▸ **Information provided**

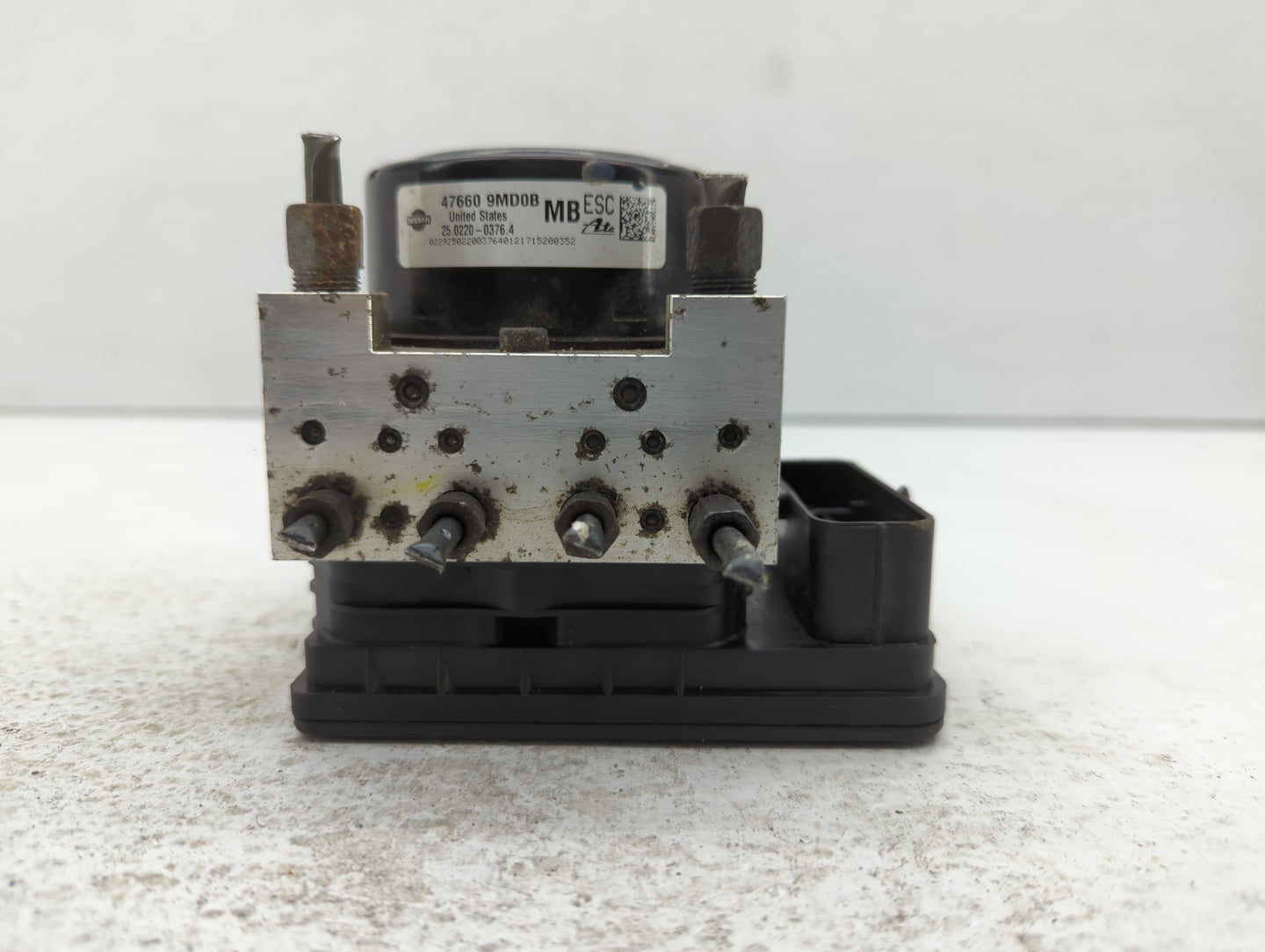 2014-2019 Nissan Versa ABS Pump Control Module Replacement P/N:47660 9MD0B Fits Fits 2014 2015 2016 2017 2018 2019 OEM Used 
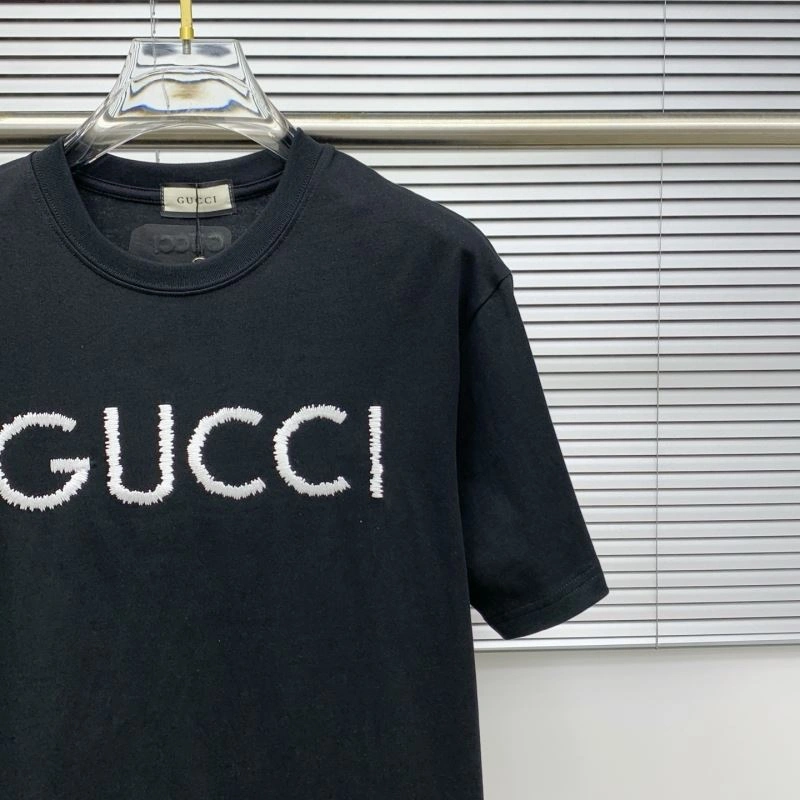 Fashionable Gucci T-Shirts 126512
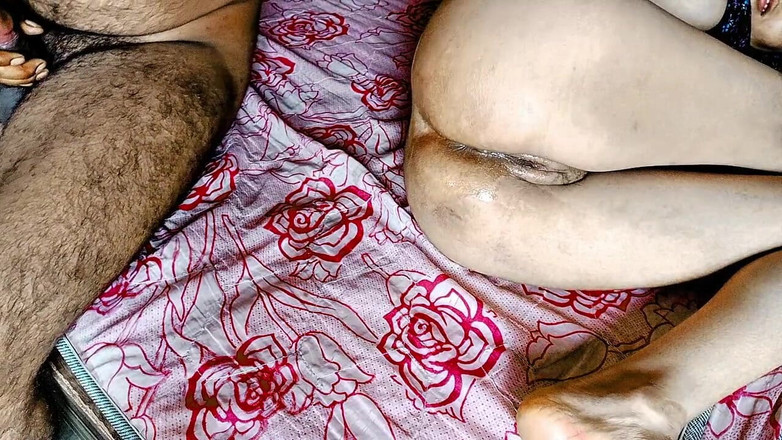 Kimmo: El coño de Bhabhi tiene una sensación de hormigueo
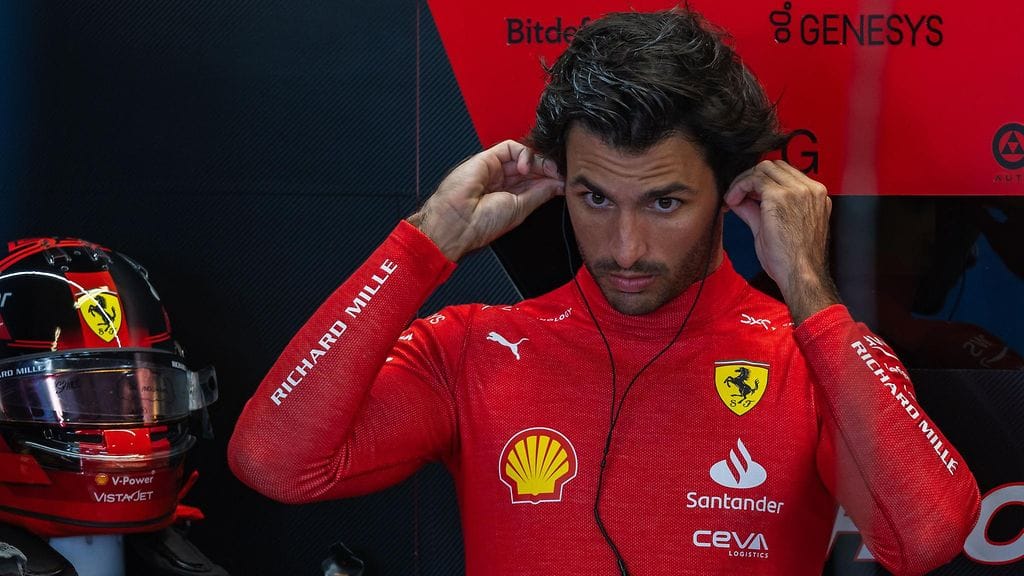 Carlos Sainz joutuu etsimään itselleen uuden tallin kauden 2024 jälkeen.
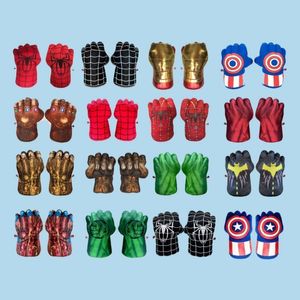 Оптовые сверхмощные боксерские перчатки плюшевые игрушки Super Hero Fist Set Детские игры Playmates праздничные подарки декор комнаты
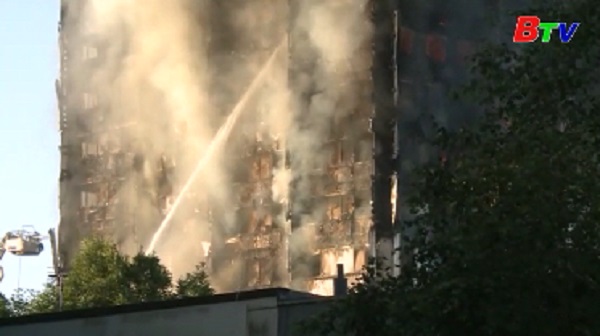 Thủ tướng May tuyên bố điều tra toàn diện vụ cháy chung cư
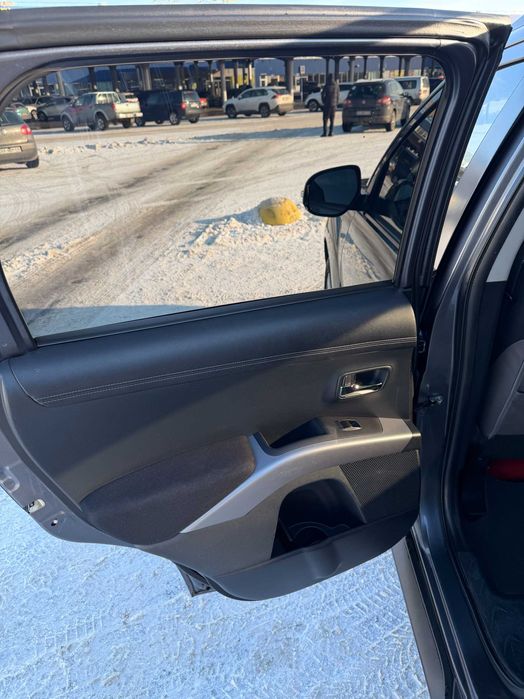 Mitsubishi Outlander XL 2012 2.4 бензин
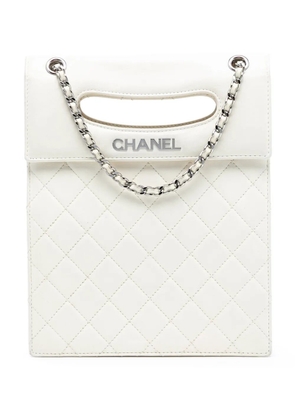 CHANEL Pre-Owned 2014 Quilted Lambskin Delivery Cutout Handle Bag satchel - White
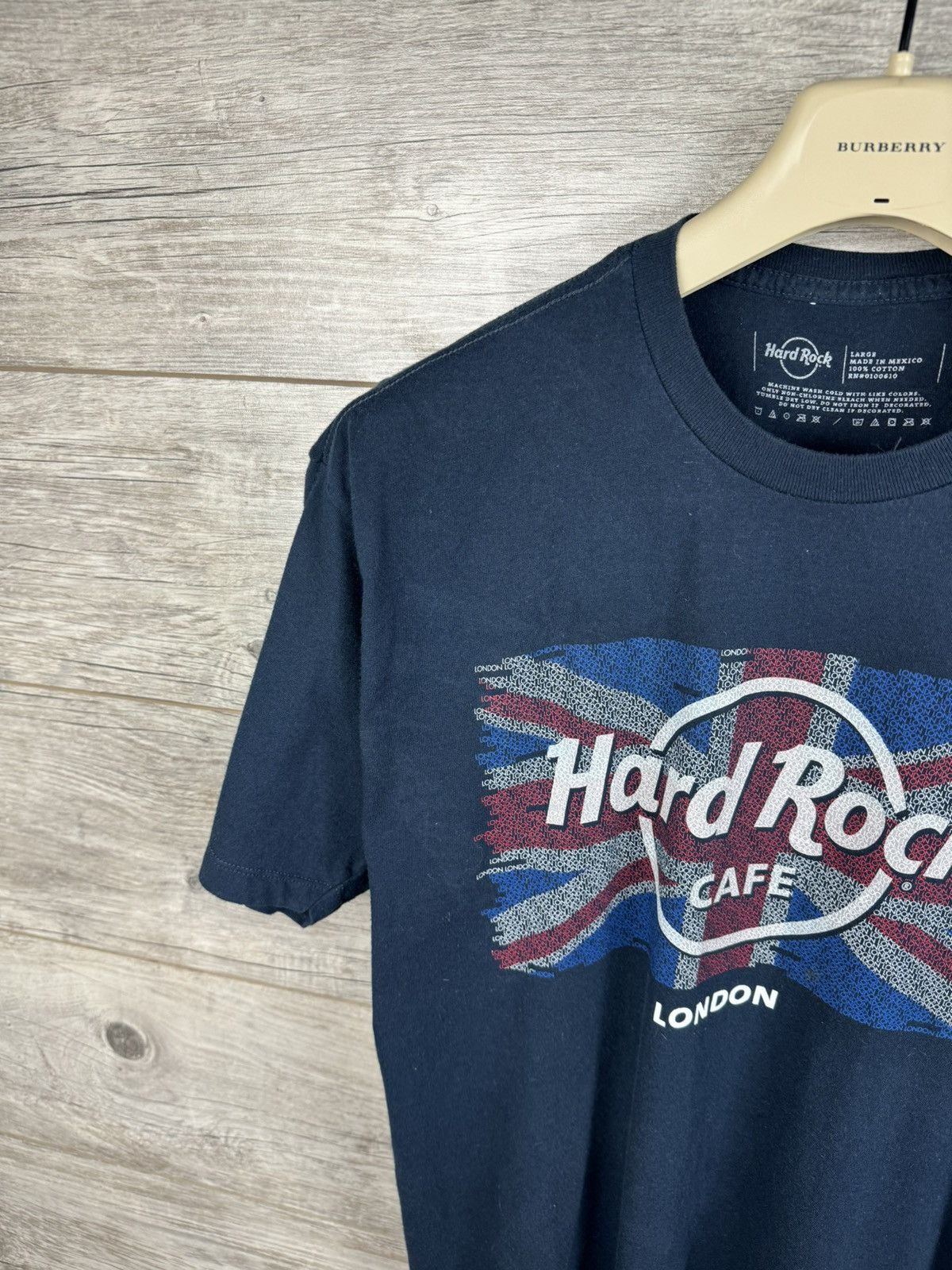 Band Tees Hard Rock Cafe London T-Shirts Size S 🏴󠁧󠁢󠁥󠁮󠁧󠁿 Size US L / EU 52-54 / 3 - 6 Thumbnail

▸ **What this task involves**
Starting with the line that contains "Kimmo: El coño", reproduce every line down to the end of the listing above, both endpoints included. Pictures stay out.

▸ **Your response**
 Kimmo: El coño de Bhabhi tiene una sensación de hormigueo
 Carlos Sainz joutuu etsimään itselleen uuden tallin kauden 2024 jälkeen.
 Оптовые сверхмощные боксерские перчатки плюшевые игрушки Super Hero Fist Set Детские игры Playmates праздничные подарки декор комнаты
 Thủ tướng May tuyên bố điều tra toàn diện vụ cháy chung cư
 Mitsubishi Outlander XL 2012 2.4 бензин
 CHANEL Pre-Owned 2014 Quilted Lambskin Delivery Cutout Handle Bag satchel - White
 Band Tees Hard Rock Cafe London T-Shirts Size S 🏴󠁧󠁢󠁥󠁮󠁧󠁿 Size US L / EU 52-54 / 3 - 6 Thumbnail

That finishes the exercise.